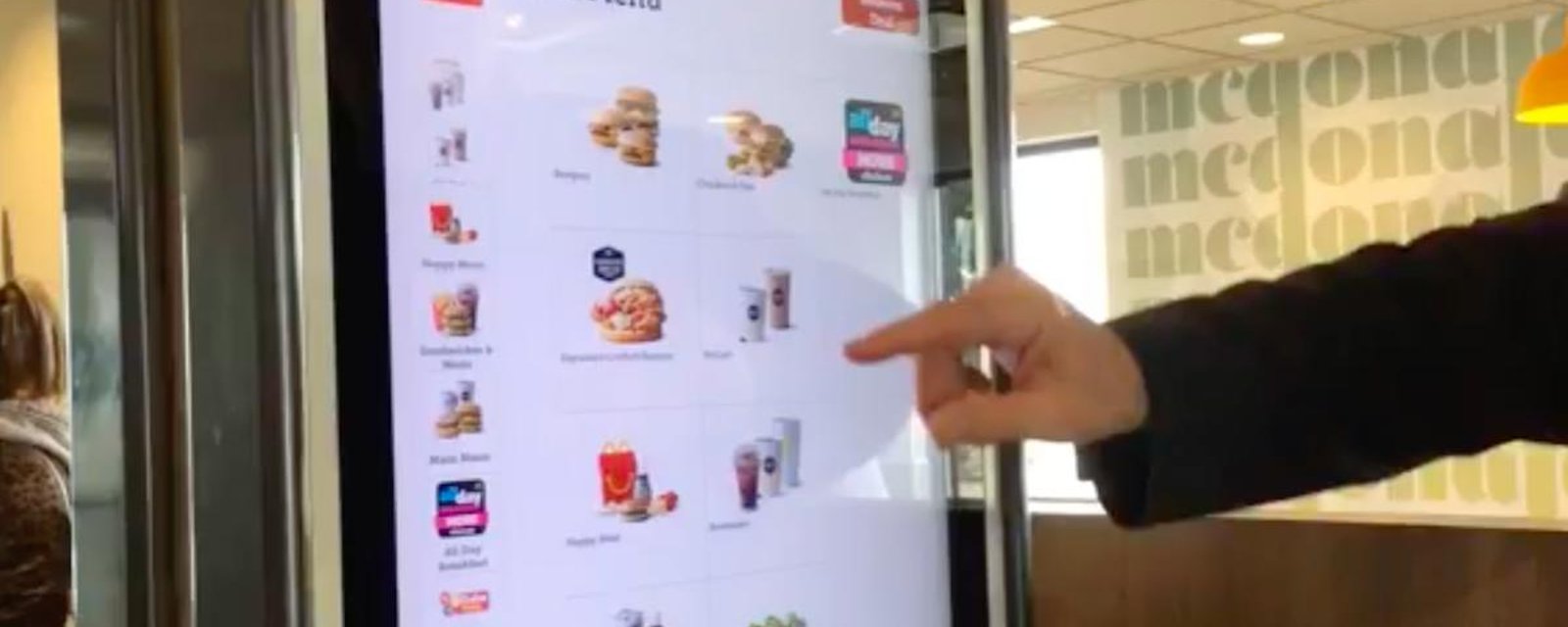 Une enquête révèle la présence d’excréments sur les écrans tactiles des restaurants Mc Donald.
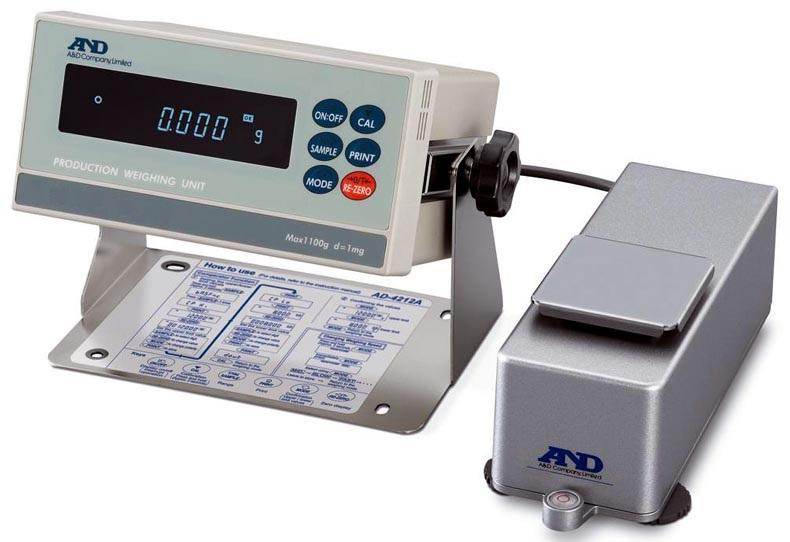 A&D AD-4212A-100 AD-4212A Series Production Weighing System - Machine Horizon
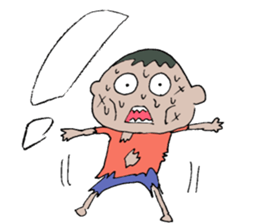 What ? I am Zombie. sticker #12971000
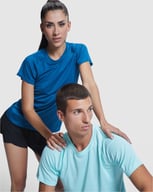 Miniatyrbilde 4 av Bregnegrønn Roly Bahrain Teknisk T-skjorte Dame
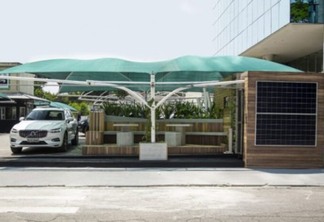 Volvo inaugura 1° estacionamento gratuito para carros elétricos e híbridos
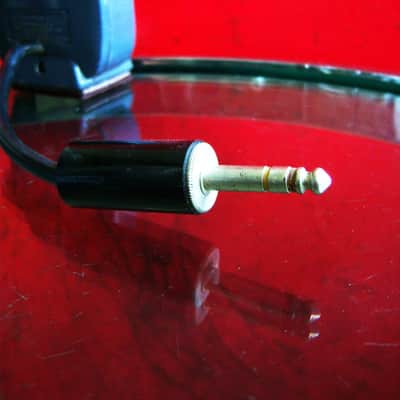 Vintage 1950's General Electric 97U20 / Shure 510C controlled reluctance microphone High Z PROP # 3 image 6
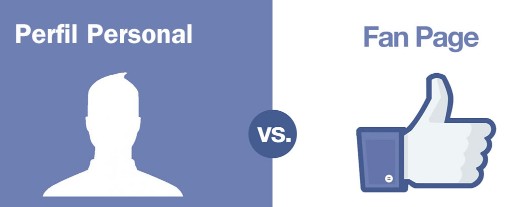 Perfil vs. Fanpage - MasFB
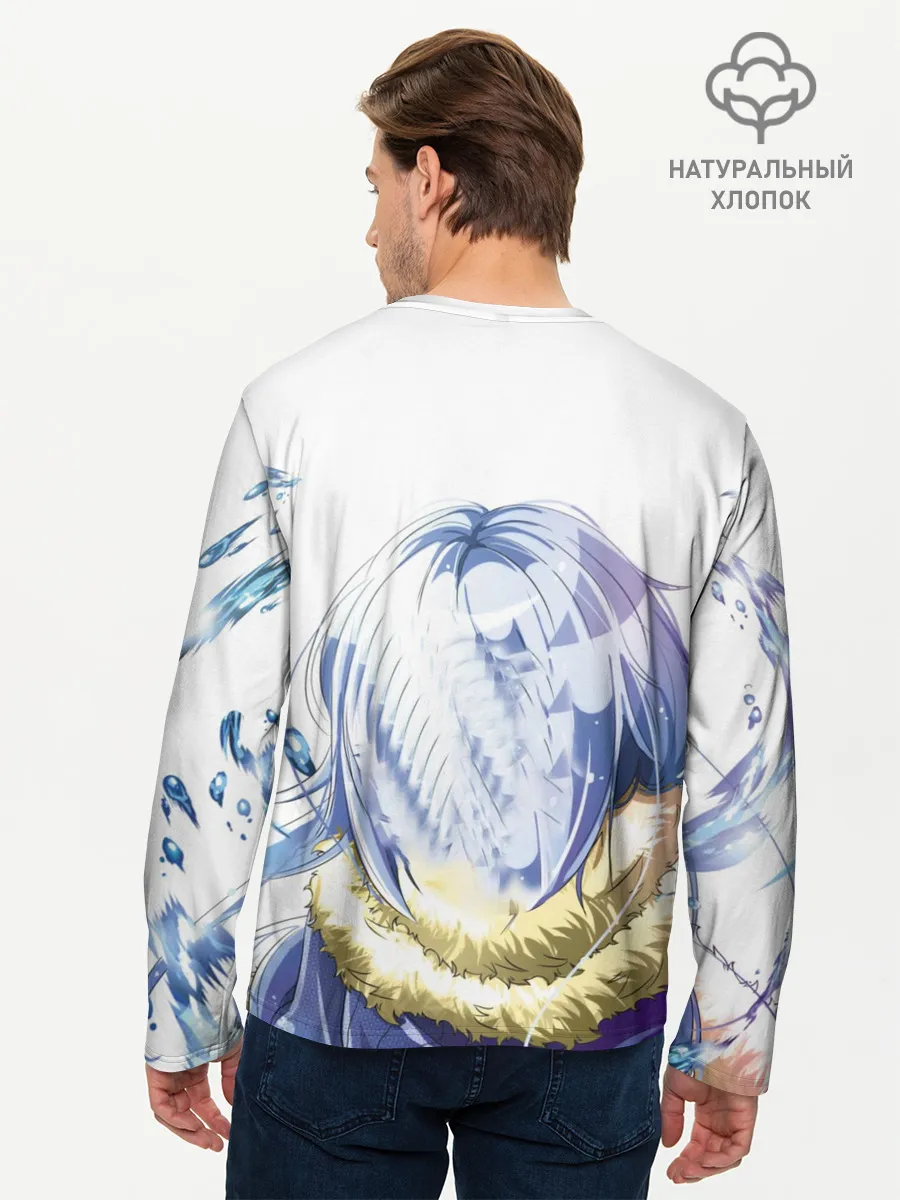 Мужской лонгслив базовый / That Time I Got Reincarnated a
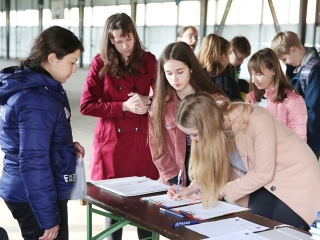 Katasztrófavédelmi verseny diákoknak (2019) - fotó: Sándor Judit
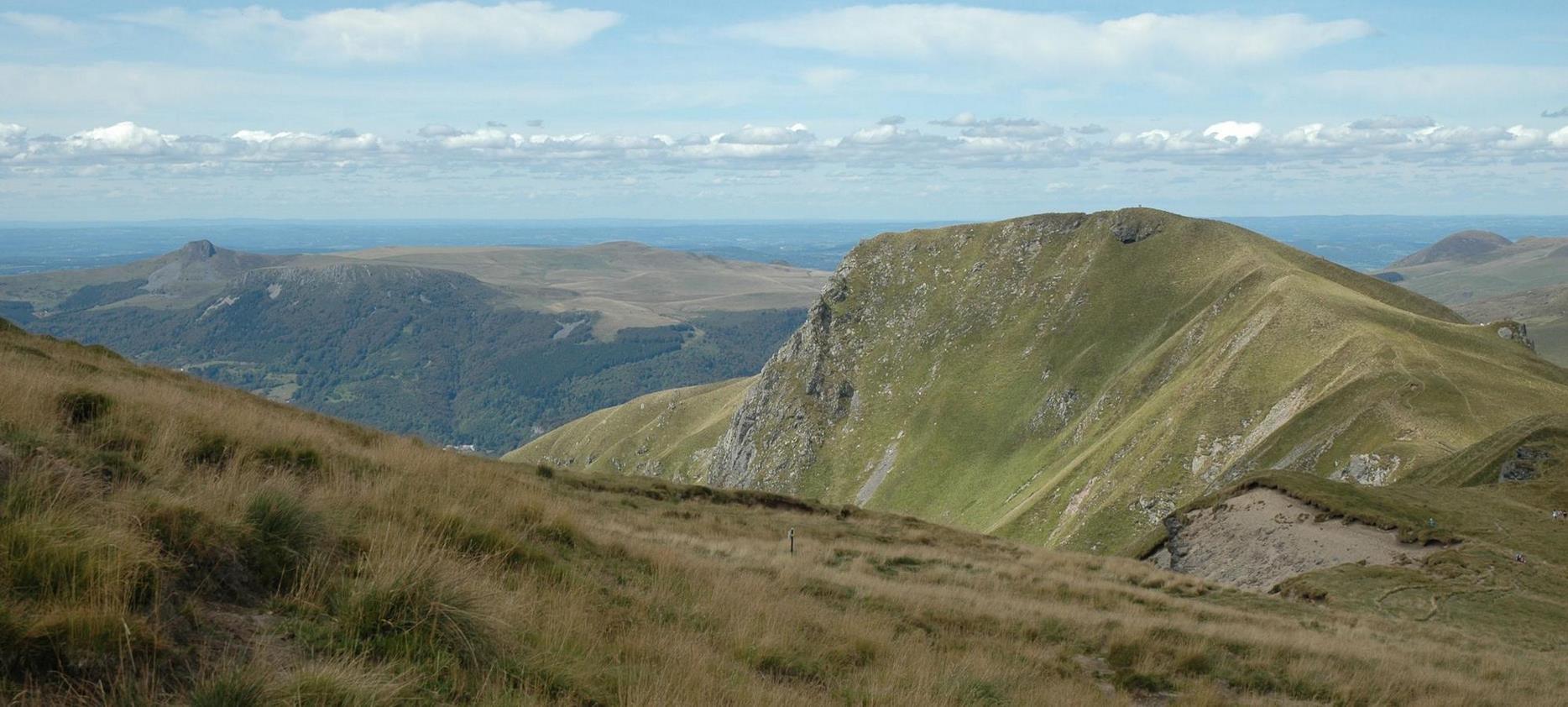 Super Besse - Vallée de Chaudefour : Escalade dans le Parc Naturel 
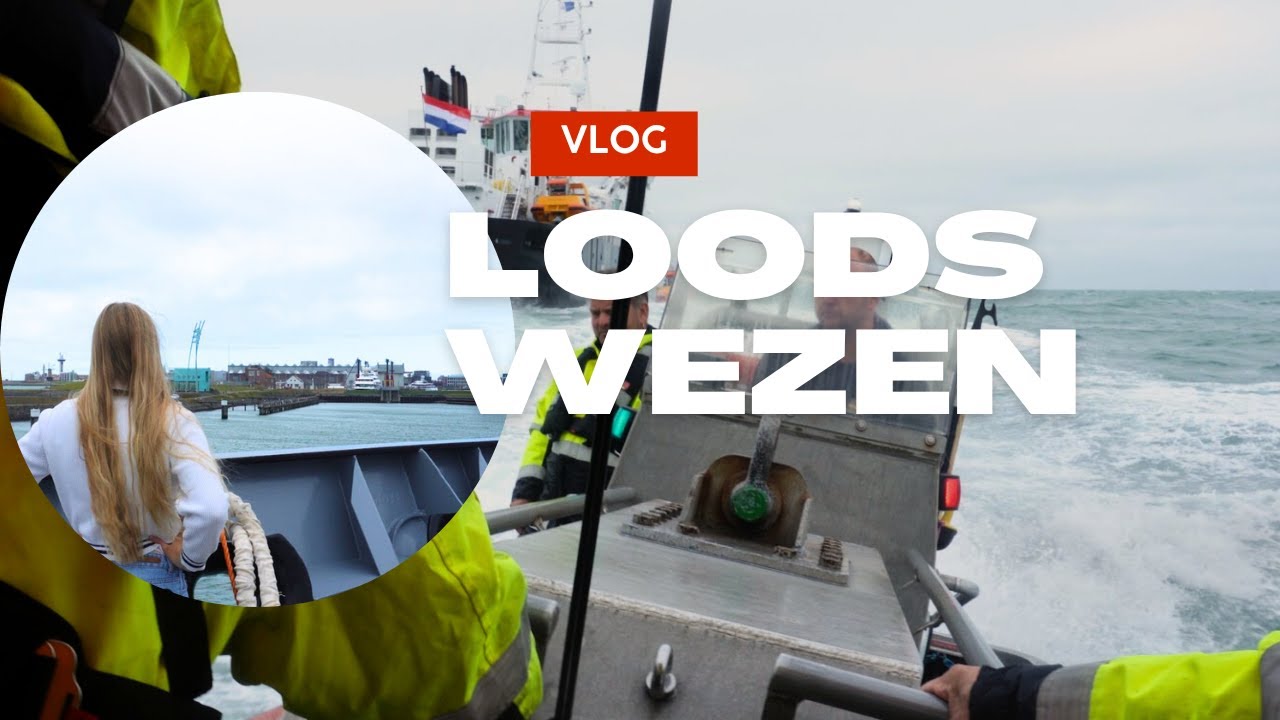 Meelopen met het Loodswezen! 🚢👷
##########
Retype, exactly and with no pictures, everything above from the line with "A&D AD-4212A-100 AD-4212A" down to the line with "Vintage 1950's General", both included.

 A&D AD-4212A-100 AD-4212A Series Production Weighing System - Machine Horizon
 What ? I am Zombie. sticker #12971000
 Miniatyrbilde 4 av Bregnegrønn Roly Bahrain Teknisk T-skjorte Dame
 Volvo inaugura 1° estacionamento gratuito para carros elétricos e híbridos
 Vintage 1950's General Electric 97U20 / Shure 510C controlled reluctance microphone High Z PROP # 3 image 6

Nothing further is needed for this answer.